Poor Mac just couldn’t comprehend his new environment—its cruelty, its absurdities, its malice, its indignities upon the human soul--until it was too late. And we all know what happened to him.
Mac was and is the star of the novel (and of the film, for which Jack Nicholson won an Oscar), but the novel is narrated, in the first person, by Chief Broom, who to me is the more interesting character. It’s through the Chief we learn of The Combine. We never learn exactly what The Combine is, except that it’s a paranoid’s fantasy explaining why and how everything got so twisted out of shape. In this sense, the villain of Cuckoo’s Nest isn’t Nurse Ratched, evil though she is. It’s The Combine, which has taken control over her (and everyone else), in a sort of Invasion of the Body Snatchers monster movie.

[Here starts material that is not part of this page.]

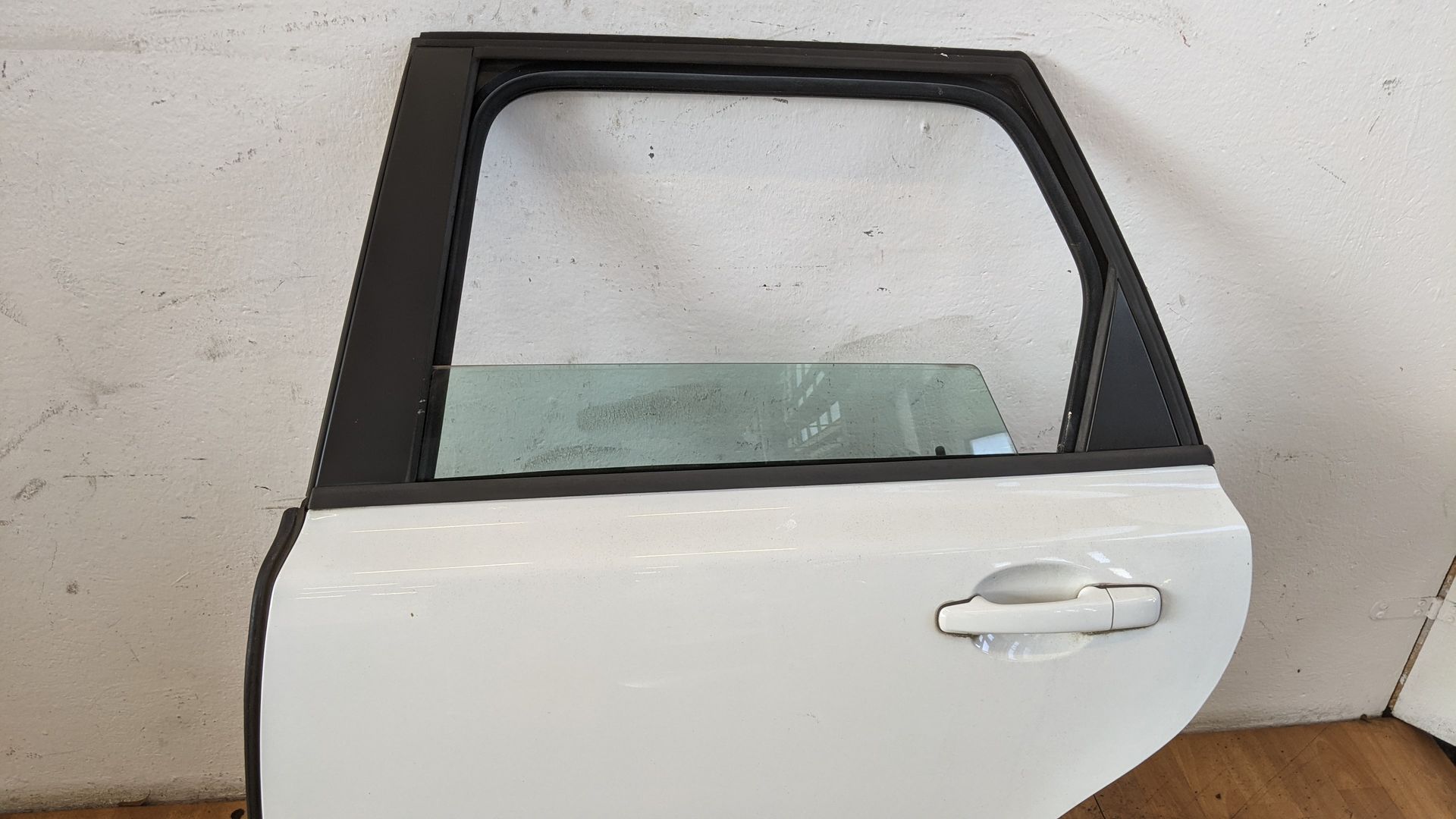 Volvo V50 Tür hinten links Kombi Fondtür Rohbau Ice White Solid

We here in Oakland blame people like Sheng Thao, Pamela Price, Nikki Bas and Carroll Fife for the evil, mutilated system over which they presided, and in which we are compelled to live. But, like Nurse Ratched, they’re not really the problem. Thaos and Fifes come and go, but the system that produces them—The Combine—goes on. Tweedledee dies, retires or is thrown out of office, and Tweedledum pops up to take her place, in an insane game of Whack A Mole. It seems like Oakland can never get out of this cycle. We vote for, say, a Kevin Jenkins, someone who seems like they can change direction, but it turns out like the conclusion of Animal Farm: “The creatures outside looked from pig to man, and from man to pig, and from pig to man again; but already it was impossible to say which was which.”

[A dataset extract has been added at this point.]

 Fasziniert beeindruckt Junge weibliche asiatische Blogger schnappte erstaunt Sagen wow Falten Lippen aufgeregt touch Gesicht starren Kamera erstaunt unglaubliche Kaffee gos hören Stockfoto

What is The Combine? I’m no better able to define it than Chief Broom. As in the Netflix thriller Zero Day (which I’m quite enjoying), nobody knows who was responsible for the electronic outages that devastated America. Was it Russia? A homegrown group? It’s a mystery: there has to be a culprit because these things don’t happen by themselves but must be planned, organized and managed. But by whom?
Unfortunately, what happened to Oakland isn’t as simple as a deranged cult of fanatics getting their hands on a computer virus. It has metastasized over decades, with corrupt individuals passing the sickness on to younger fanatics, in a long chain of misery, grift and greed. There isn’t one group leader to arrest. I blame the unions for being a big part of it (because they provide the funding). I blame the media, whose reporters seem to grow dumber with each passing year. I blame the voters who consistently choose mediocre, incompetent politicians for City Council and Mayor. At times, autocratic dictatorships like Russia, China or Iran make sense to me: they can strike down their opponents with impunity, whereas in our democracy we have to coexist them ours, despite the damage they cause. Not that I would change America into an autocratic dictatorship, although you-know-who is trying to do just that. We just have to trust that our democracy is the best system, even when it doesn’t seem to be working very well.
At any rate, there remains The Combine, however inchoate it may be. The first step toward combatting it is to acknowledge its existence. We aren’t able to smash it, yet, but we can identify who works for it, and chop off those tentacles. We’ve begun that process by recalling Thao and Price. It’s interesting that the politician who hopes to accede to power, Barbara Lee, two days ago refused to retract her statement that the Recalls were anti-democratic when, in fact, they were the essence of democracy. Lee is too old, too ideologically rigid, and too indebted to her union and racist paymasters to recognize reality. I don’t think she’ll be our next mayor (I could be wrong), but if she is elected, Oakland will have gotten what it deserves…again.